La première grosse erreur à ce niveau est qu’IBK, lui-même, reconnait que la victoire de ces candidats leur a été volée. Il décrédibilise aussi déjà le Senat dont la création fera l’objet de contestations. Un autre point est qu’il ignore tous les maux du Mali et se fixe comme objectif : la révision de la constitution de 1992. Les Maliens accepteront-ils cela ? Le futur nous le dira. Mais dans tous les cas, s’il était bien conseillé ou écoutait les conseils, il n’allait pas faire cette proposition aux députés « spoliés ». S’il n’avait pas d’autres propositions, il devait écouter leur doléance et voir ce qu’il y a à faire dans les prochains jours.

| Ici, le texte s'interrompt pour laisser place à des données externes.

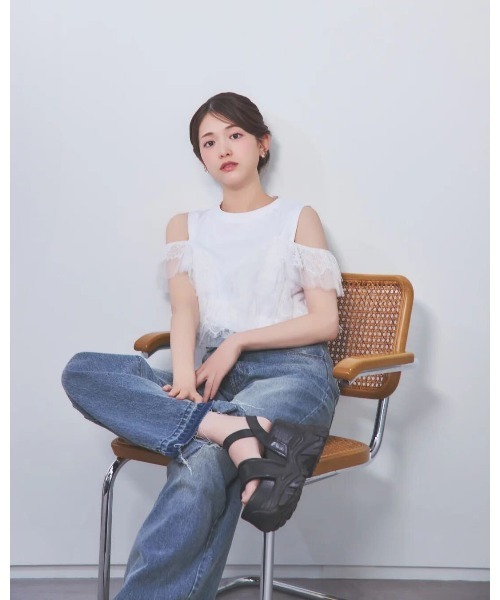 LANTINAM(ランティナム)の「アシンメトリーウエストストレートデニム/カットオフデザイン × ゆったりシルエット(デニムパンツ・レディース・ライトブルー/ブルー・XS/M/S)」の3枚目の写真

La situation de l’Assemblée nationale et de la Cour constitutionnelle
Depuis le début de la crise sociopolitique, tous les médiateurs, nationaux comme internationaux, ont recommandé des mesures contre la Cour constitutionnelle et l’Assemblée nationale. La dissolution de ces deux institutions fait partie aussi des conditions de sortie de crise du M5-RFP. Au niveau de la Cour constitutionnelle, la majorité des membres ont rendu le tablier. Il ne reste que le président Manassa Danioko et deux des conseillers. Au niveau de l’Assemblée nationale, le chef de l’État a deux propositions qui lui sont soumises : l’organisation d’élections partielles dans les localités où il y a des contestations comme a proposé la CEDEAO et la dissolution entière de l’Assemblée nationale.
En dissolvant ces deux institutions, IBK pourrait calmer la situation. Ses conseillers devraient, à notre avis, le conseiller en ce sens. Sa posture actuelle ne résout pas la crise. Au contraire, elle l’aggrave.